The full graph contains 2 node labels and 3 relationship types. We still train a Person-KNOWS-Person model, but use context information Person-LIVES-City, Person-BORN-City to generate node properties that the model uses in training. Note that we do not require the UNDIRECTED orientation for the context relationship types, as these are excluded from the LinkPrediction training.

First we’ll create a new pipeline.

CALL gds.beta.pipeline.linkPrediction.create('pipe-with-context')

Next we add the nodePropertyStep with context configurations.

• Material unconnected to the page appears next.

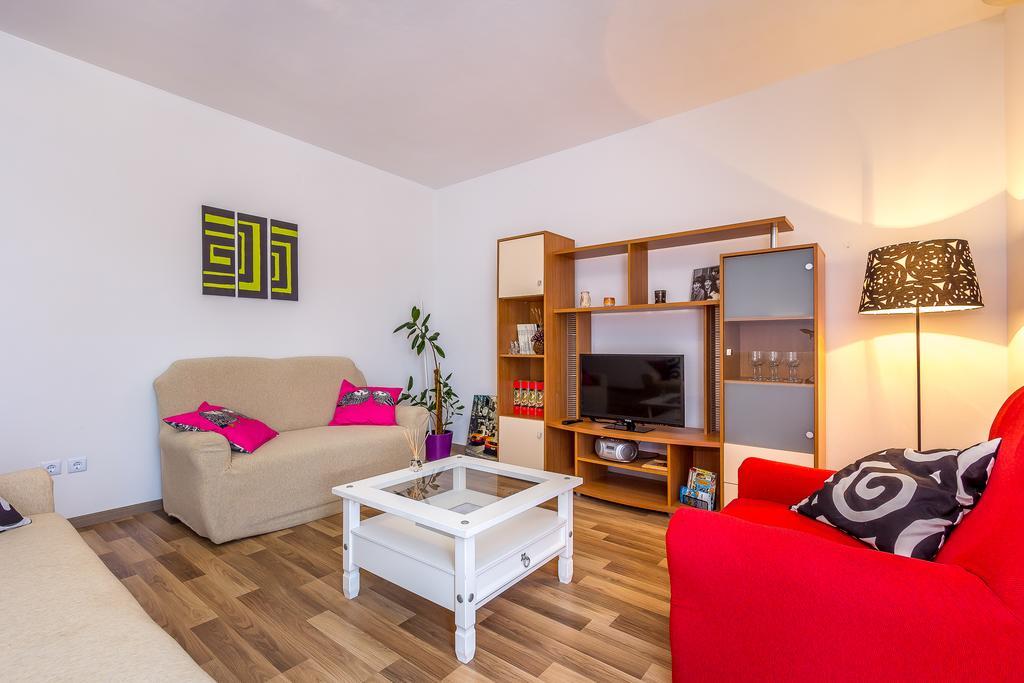 PUY Apartment Miro חדר תמונה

CALL gds.beta.pipeline.linkPrediction.addNodeProperty('pipe-with-context', 'fastRP', {
  mutateProperty: 'embedding',
  embeddingDimension: 256,
  randomSeed: 42,
  contextNodeLabels: ['City'],
  contextRelationshipTypes: ['LIVES', 'BORN']
})

Then we add the link feature.

CALL gds.beta.pipeline.linkPrediction.addFeature('pipe-with-context', 'hadamard', {
  nodeProperties: ['embedding', 'age']
})

And then similarly configure the data splits.

CALL gds.beta.pipeline.linkPrediction.configureSplit('pipe-with-context', {
  testFraction: 0.25,
  trainFraction: 0.6,
  validationFolds: 3
})

Then we add an MLP model candidate.

CALL gds.alpha.pipeline.linkPrediction.addMLP('pipe-with-context',
{hiddenLayerSizes: [4, 2], penalty: 1, patience: 2})
The following will train another model using the pipeline with additional context information used in node property step:
CALL gds.beta.pipeline.linkPrediction.train('fullGraph', {
  pipeline: 'pipe-with-context',
  modelName: 'lp-pipeline-model-filtered',
  metrics: ['AUCPR', 'OUT_OF_BAG_ERROR'],
  sourceNodeLabel: 'Person',
  targetNodeLabel: 'Person',
  targetRelationshipType: 'KNOWS',
  randomSeed: 12
}) YIELD modelInfo, modelSelectionStats
RETURN
  modelInfo.bestParameters AS winningModel,
  modelInfo.metrics.AUCPR.train.avg AS avgTrainScore,
  modelInfo.metrics.AUCPR.outerTrain AS outerTrainScore,
  modelInfo.metrics.AUCPR.test AS testScore,
  [cand IN modelSelectionStats.modelCandidates | cand.metrics.AUCPR.validation.avg] AS validationScores
Table 8. Results
winningModel avgTrainScore outerTrainScore testScore validationScores

{batchSize=100, classWeights=[], focusWeight=0.0, hiddenLayerSizes=[4, 2], learningRate=0.001, maxEpochs=100, methodName=MultilayerPerceptron, minEpochs=1, patience=2, penalty=1.0, tolerance=0.001}

0.858465608465608

0.82

0.677777777777778

[0.875]

As we can see, the results are effectively identical. While the train and test score stays the same in this toy example, it is likely that the contextual information will have a greater impact for larger datasets.